▶ **TASK DESCRIPTION**
The complete listing goes into the output exactly, without its pictures.

▶ **GIVEN RECORDS**
· · · · · · ·
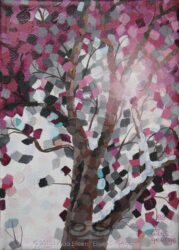 "Poetree" © 2013 Linda Eileen S. George a.k.a "Eilee" George; 5"w x 7"h x .75" d; acrylic on canvas. SOLD. Some prints available by custom order. Digital image of original acrylic/multimedia work by Linda Eileen S. George a.k.a "Eilee" George entitled 'Poetree'; 5"w x 7"h x .75" d; a stylized spring scene of a blooming fruit tree in a late snow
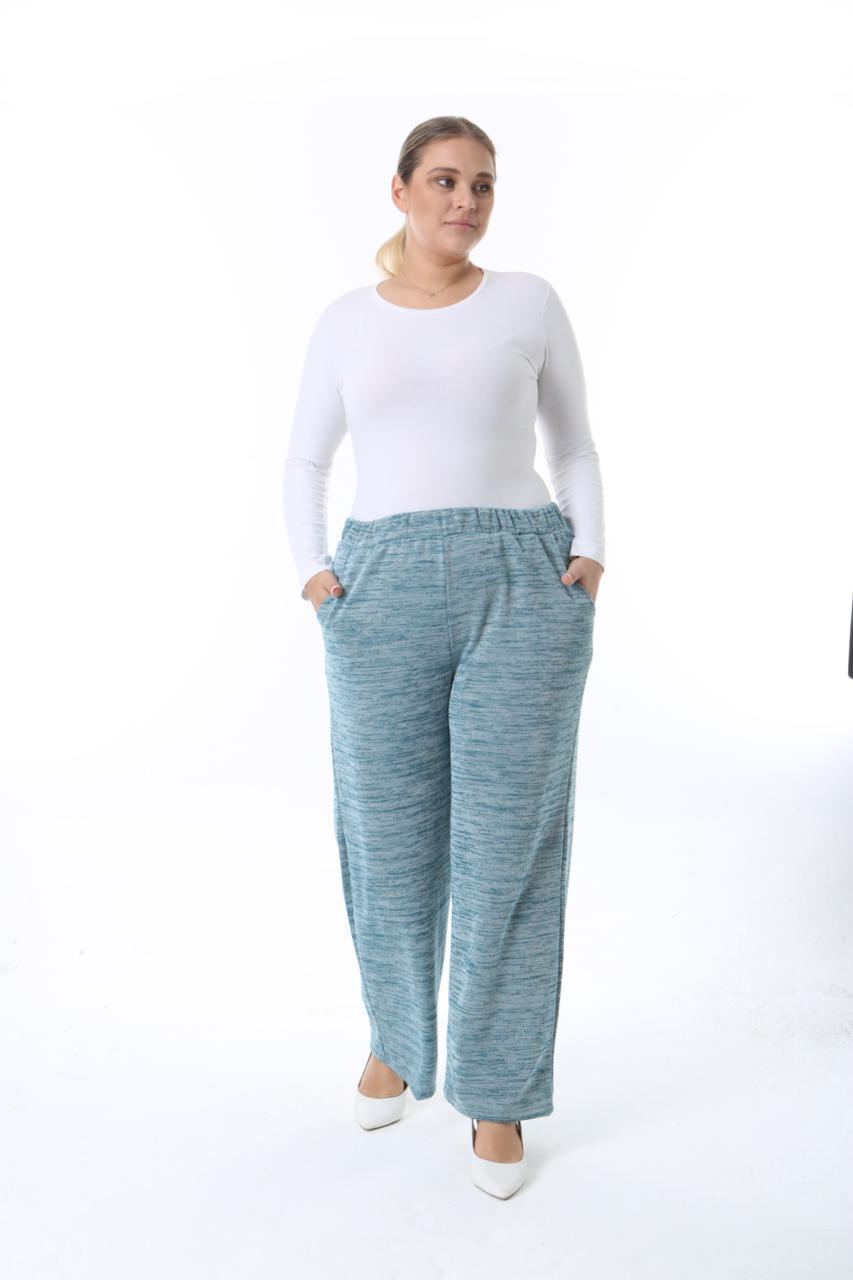 Kadın Büyük Beden Yeşil Çelik Örme Bel Lastikli Cepli Pantolon 65N38330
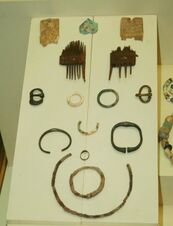 Bone and wooden combs, bronze, iron, glass adornments from Mingechevir (3rd c. BC - 8th c. AD).jpg
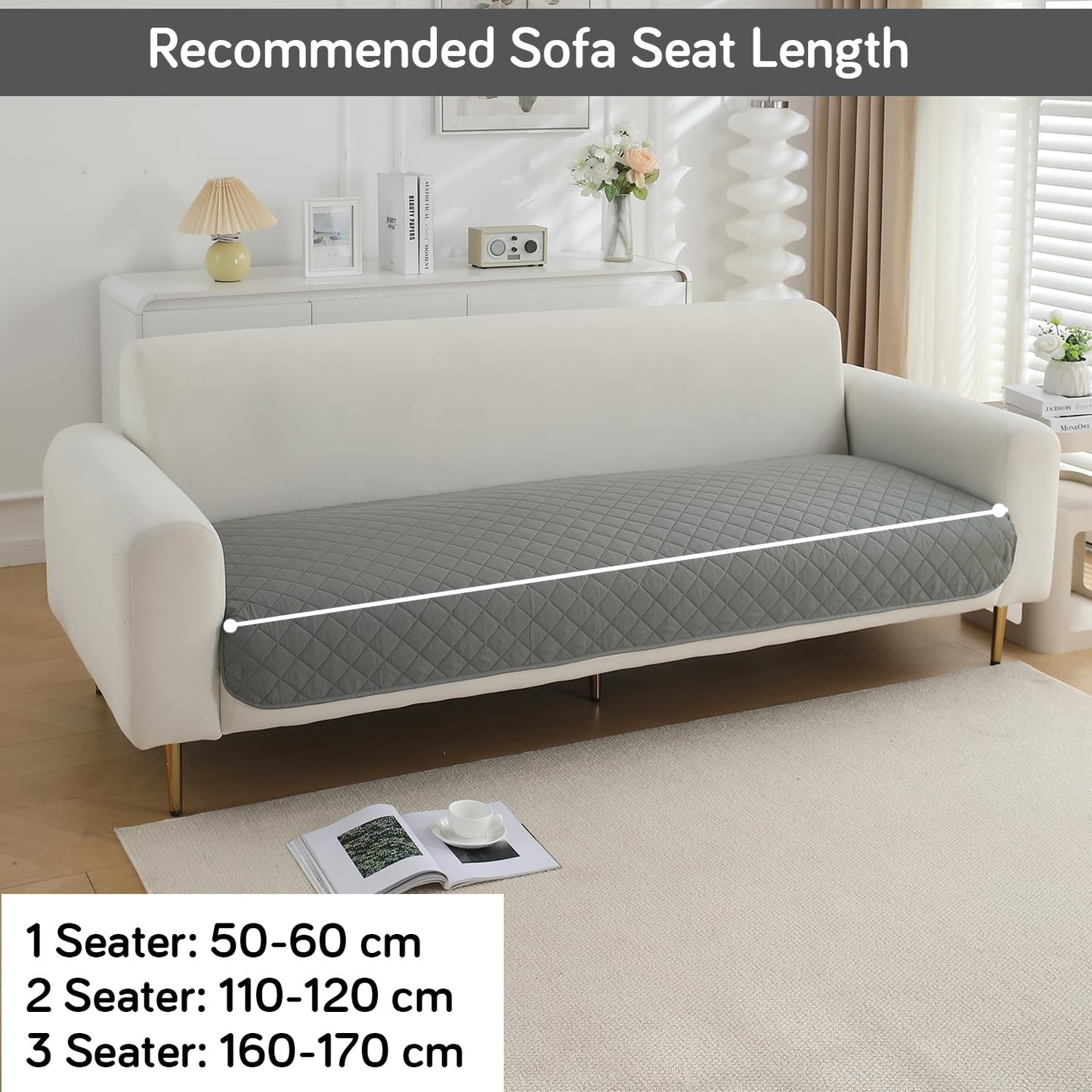 HOKIPO Water Repellent + Waterproof Quick Dry Sofa Seat Mat for 1/2/3 Seater Sofa - Light Grey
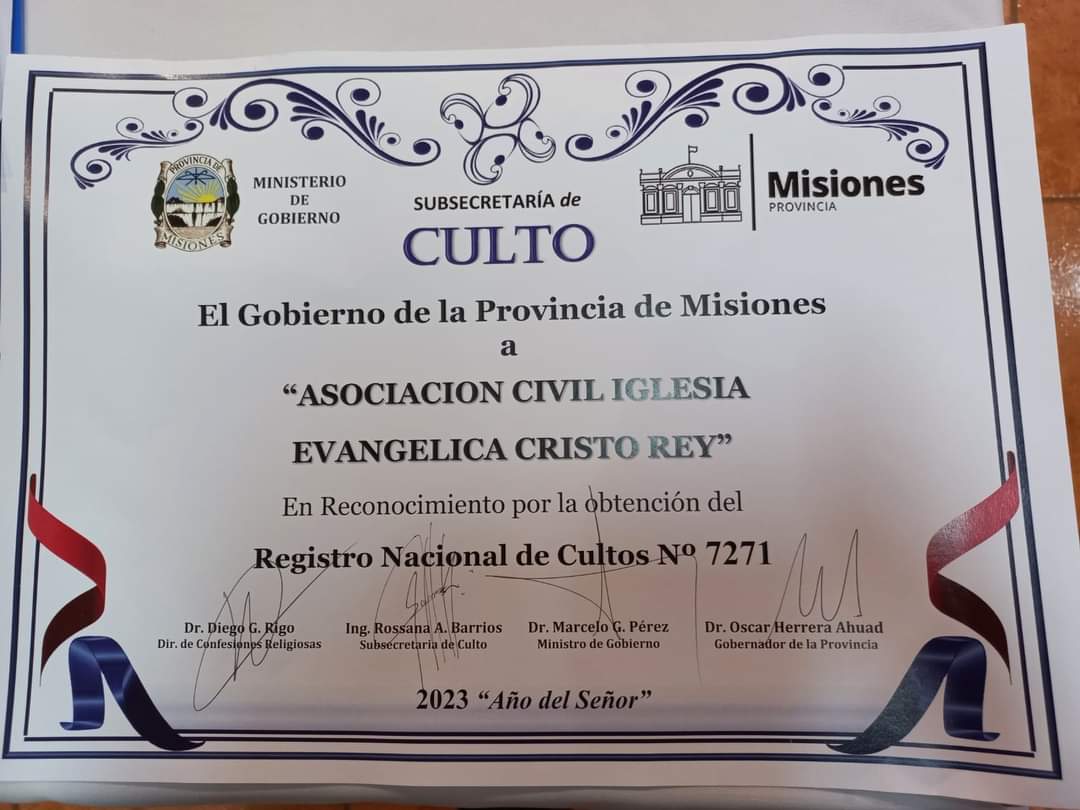 Entrega  Registro Nacional de Culto a la IGLESIA EVANGÉLICA «CRISTO REY»  en Eldorado, Misiones, Argentina.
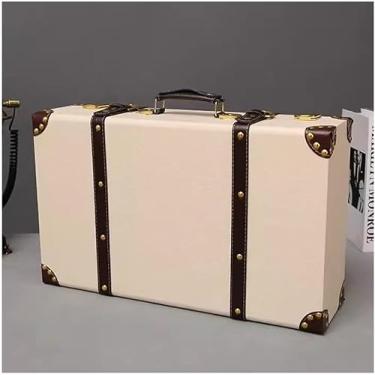 Imagem de Mala Retrô, Mala De Papelão Caixa De Armazenamento De Viagem Caixas De Armazenamento Decorativas Mala Para Decoração, Armazenamento E Muito Mais, White, 2PCS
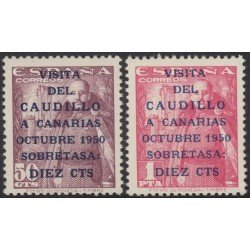 España Spain 1088/89 1951 Visita Caudillo a Canarias MNH España Spain 1088/89 1951 Visita Caudillo a Canarias MNH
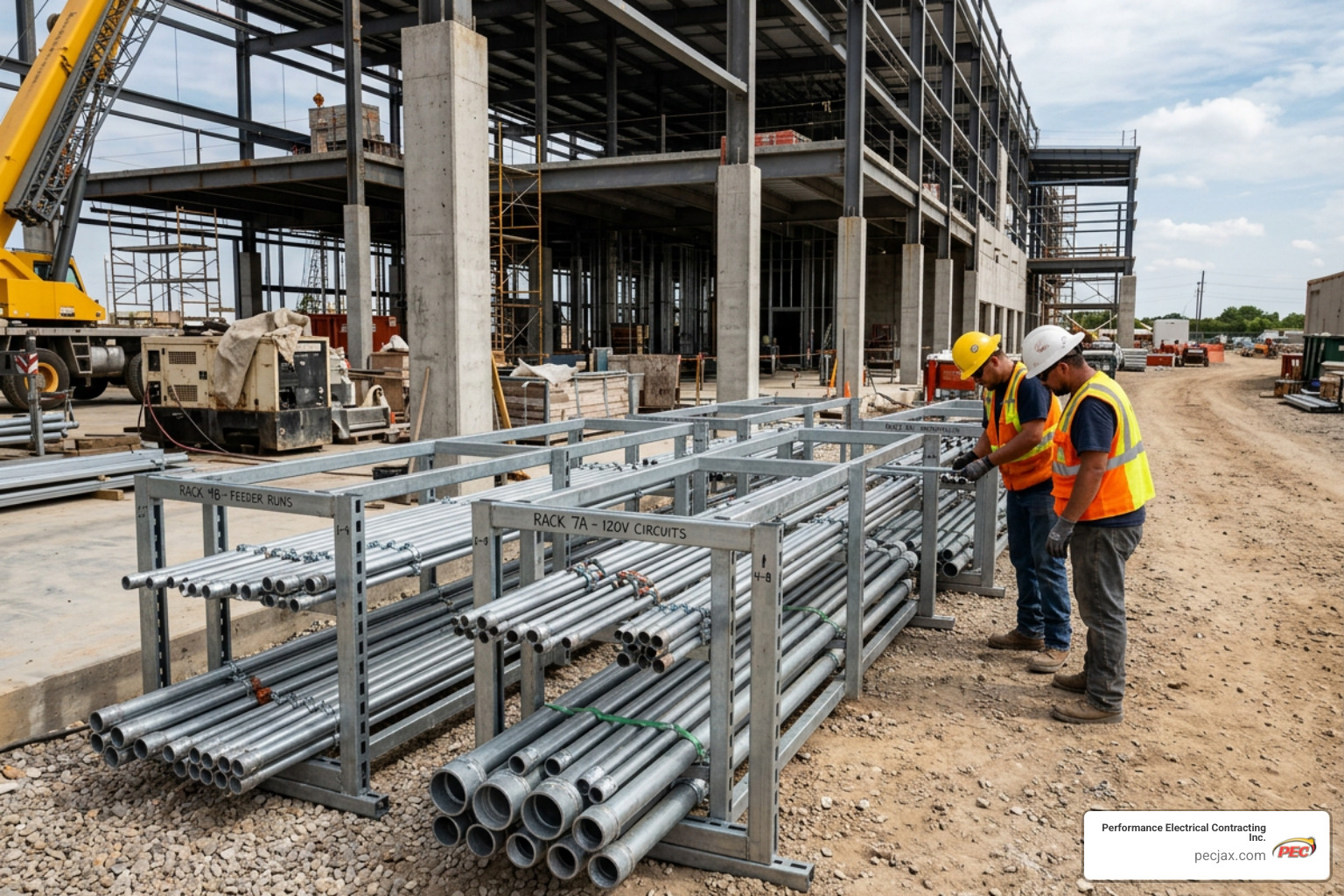 pre-assembled electrical conduit racks ready for site integration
· · · · · · ·
▶ **EXPECTED ANSWER**
 "Poetree" © 2013 Linda Eileen S. George a.k.a "Eilee" George; 5"w x 7"h x .75" d; acrylic on canvas. SOLD. Some prints available by custom order. Digital image of original acrylic/multimedia work by Linda Eileen S. George a.k.a "Eilee" George entitled 'Poetree'; 5"w x 7"h x .75" d; a stylized spring scene of a blooming fruit tree in a late snow
 Kadın Büyük Beden Yeşil Çelik Örme Bel Lastikli Cepli Pantolon 65N38330
 Bone and wooden combs, bronze, iron, glass adornments from Mingechevir (3rd c. BC - 8th c. AD).jpg
 HOKIPO Water Repellent + Waterproof Quick Dry Sofa Seat Mat for 1/2/3 Seater Sofa - Light Grey
 Entrega  Registro Nacional de Culto a la IGLESIA EVANGÉLICA «CRISTO REY»  en Eldorado, Misiones, Argentina.
 Imagem de Mala Retrô, Mala De Papelão Caixa De Armazenamento De Viagem Caixas De Armazenamento Decorativas Mala Para Decoração, Armazenamento E Muito Mais, White, 2PCS
 España Spain 1088/89 1951 Visita Caudillo a Canarias MNH España Spain 1088/89 1951 Visita Caudillo a Canarias MNH
 pre-assembled electrical conduit racks ready for site integration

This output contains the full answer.